Former hotel in Los Angeles, California, U.S.

Sackett Hotel was a hotel located on the southwest corner of Prospect Avenue (now Hollywood Boulevard) and Cahuenga Boulevard in what is now Hollywood, California.

==History==

Sackett Hotel, the first hotel in the area that would later be known as Hollywood, was built by Horace David Sackett and Ellen Sackett in 1888, on land bought from Harvey Henderson Wilcox for $2000 . Located on the corner of Prospect Avenue (Hollywood Boulevard today) and Cahuenga Boulevard, the hotel was three stories tall, featured a mansard roof, and was made of wood.

When the hotel opened, its first floor featured a lobby and parlor facing Prospect and a mercantile shop facing Cahuenga, while its second floor featured eighteen rooms and one community bathroom. Pepper trees surrounded and provided shade to the property, and a large corral and barn were built for guests and neighbors behind the building.
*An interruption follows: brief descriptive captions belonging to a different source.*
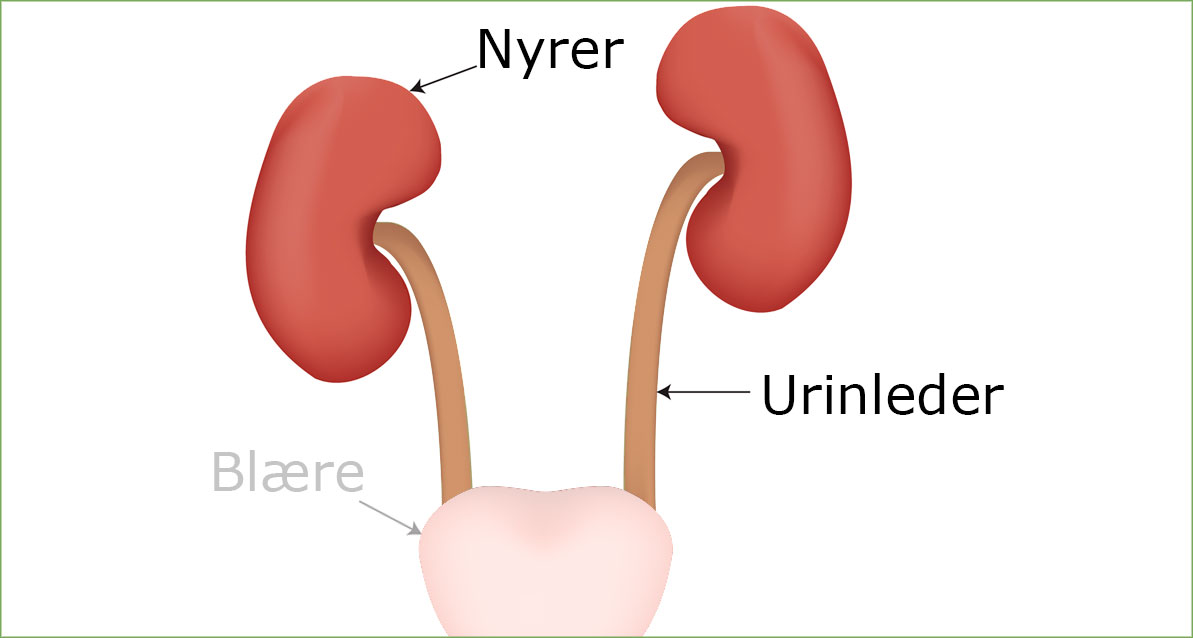 Urinveisinfeksjon i øvre urinveiene, nyrebekkenbetennelse, pyelonefritt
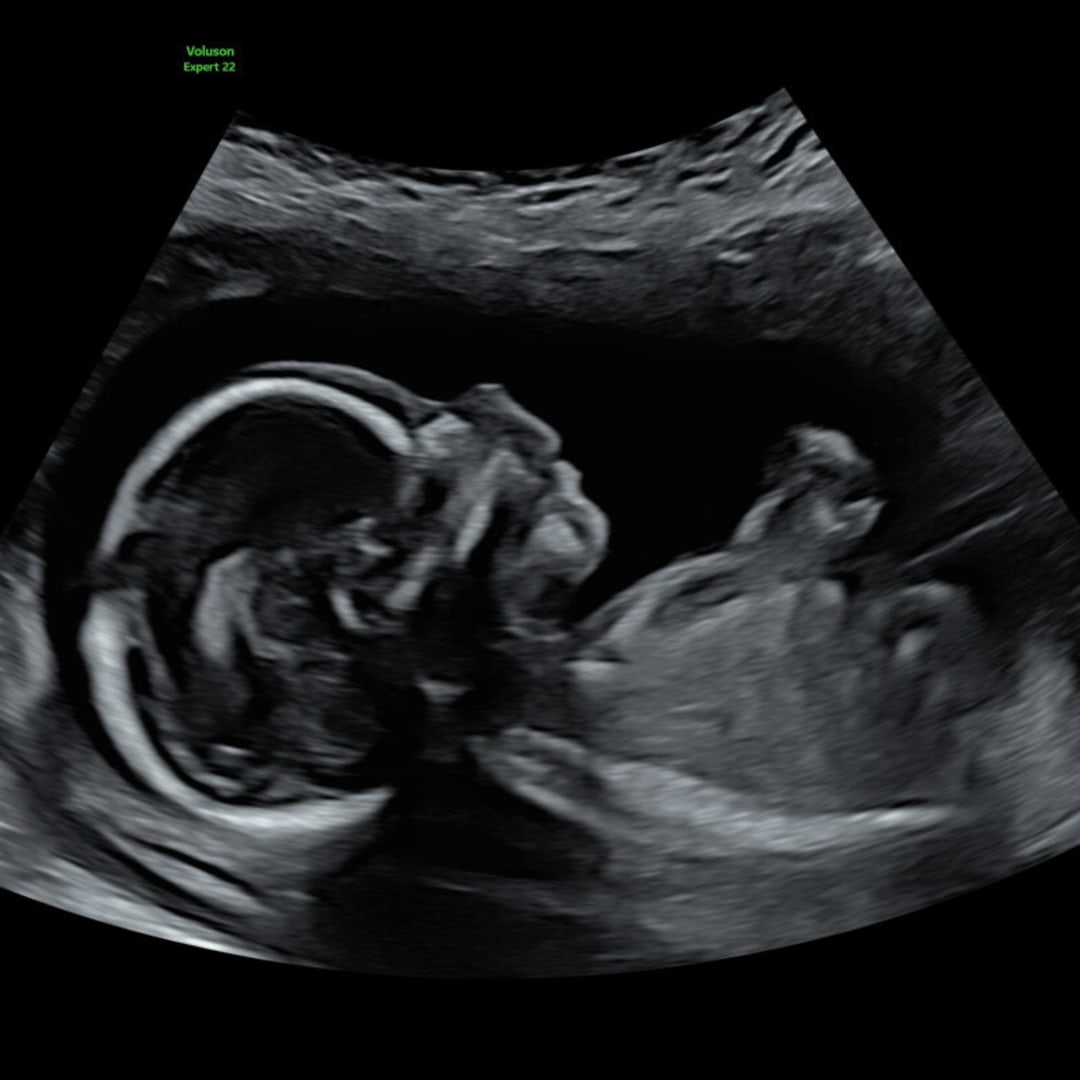Photo shared by Ceilidhe for their Babylist baby registry.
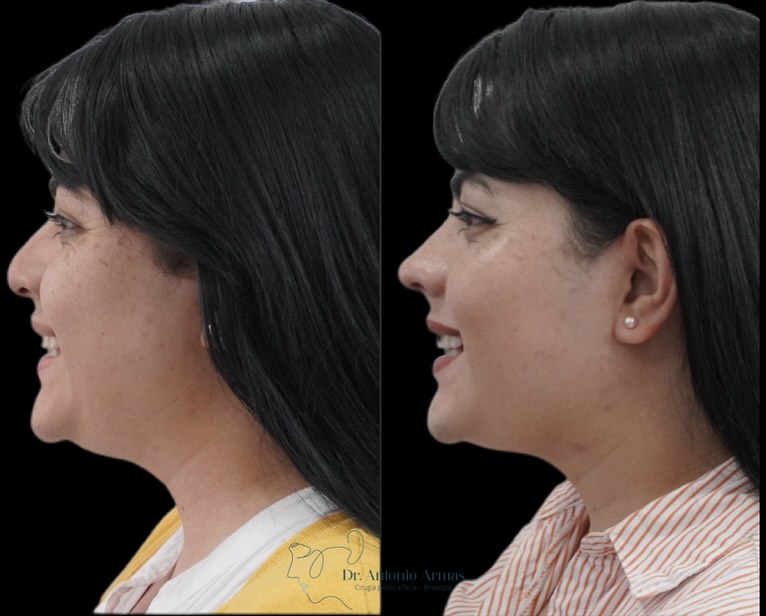 Caso de éxito 1 rinoplastia ultrasónica Dr. Antonio Armas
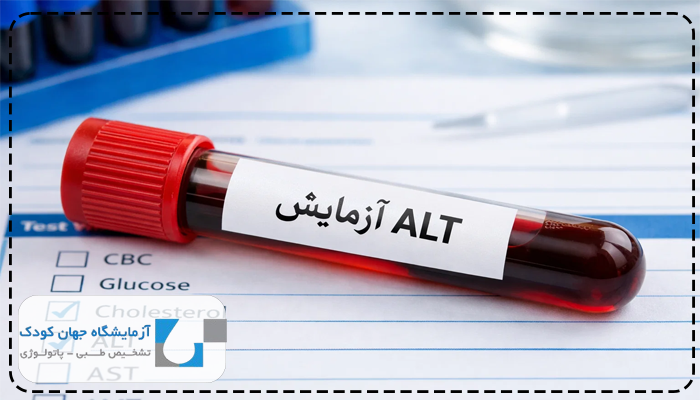 میزان نرمال alt در آزمایش خون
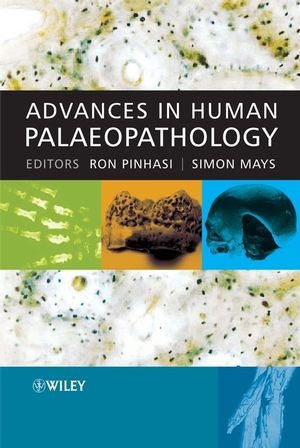 Advances in Human Palaeopathology - 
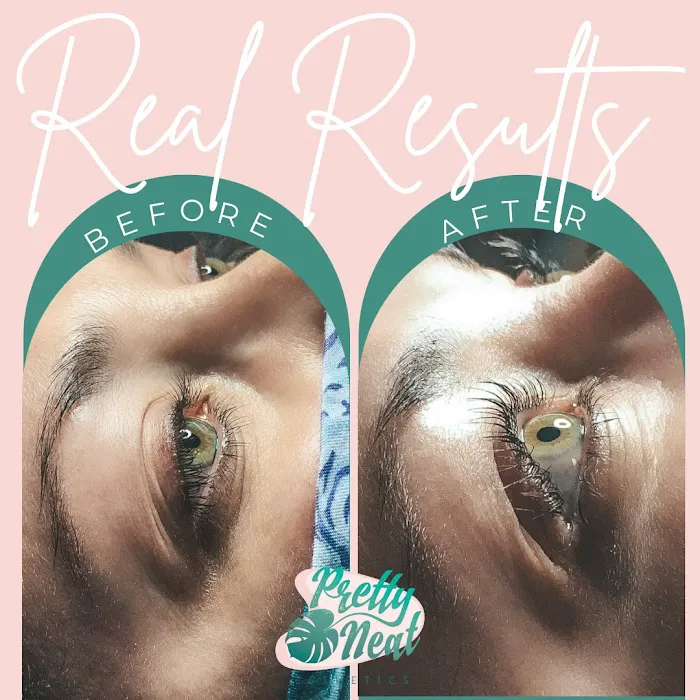 Pretty Neat Esthetics Picture 3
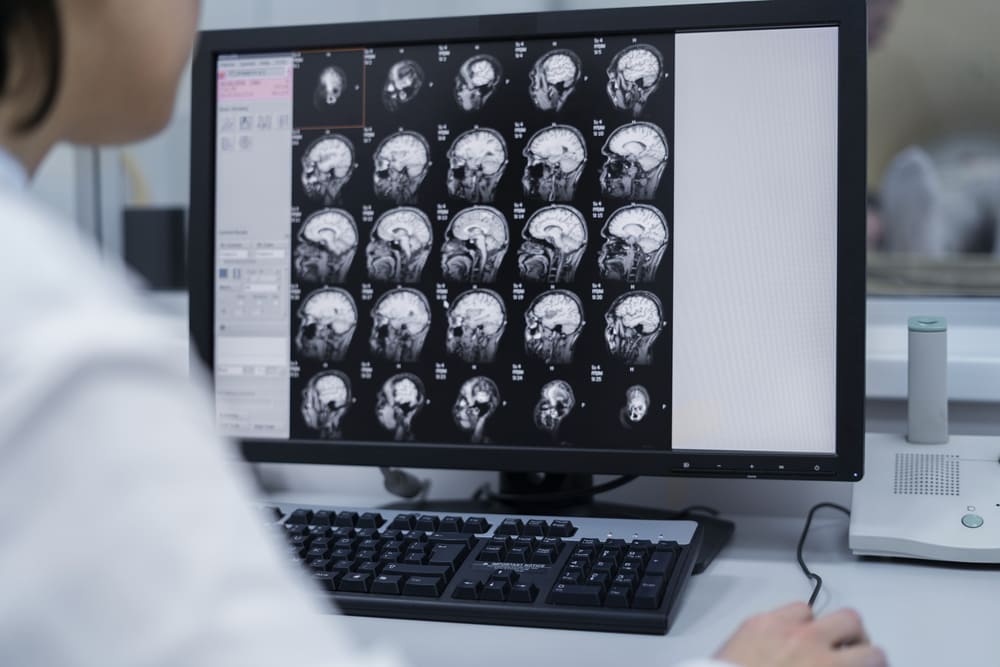 CT Scan Kavacare foto radiologi, jenis-jenis radiologi
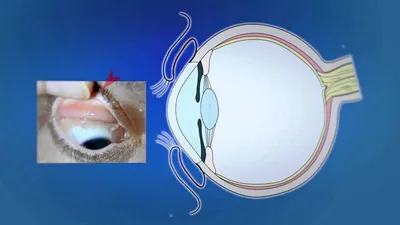 Лаборатория Экспресс ПЛЮС - Конъюнктивит - воспалительный процесс,  затрагивающий слизистую оболочку глаза (конъюнктивы). 🔹 🔹 🔹 🔹 🔹 🔹 🔹  🔹 🔹 🔹 🔹 🔹 🔹 Причины возникновения: 1. Аллергический конъюнктивит:  🔼аллерген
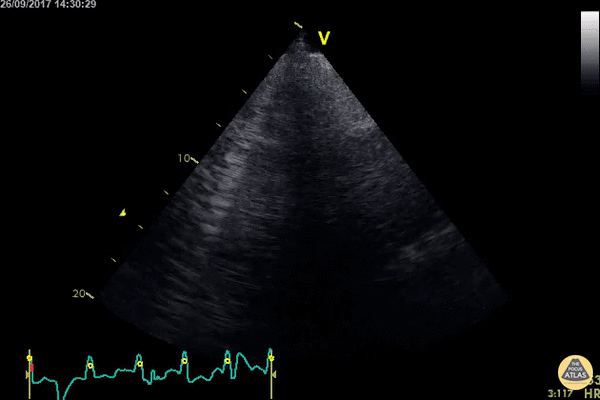 Pulmonary - Confluent B Lines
In 1891, the building began housing the area's first post office, which was run by the hotel owners' daughter, Mary Sackett.

Sackett Hotel closed in 1905, as it was unable to compete with the nearby Hollywood Hotel. After closure, the building was sold to Henry Gillig and remained unoccupied for five years. Then, in 1910 the building was sold for $28,000 to J.P. Creque, who razed it and built the Creque Building in its place.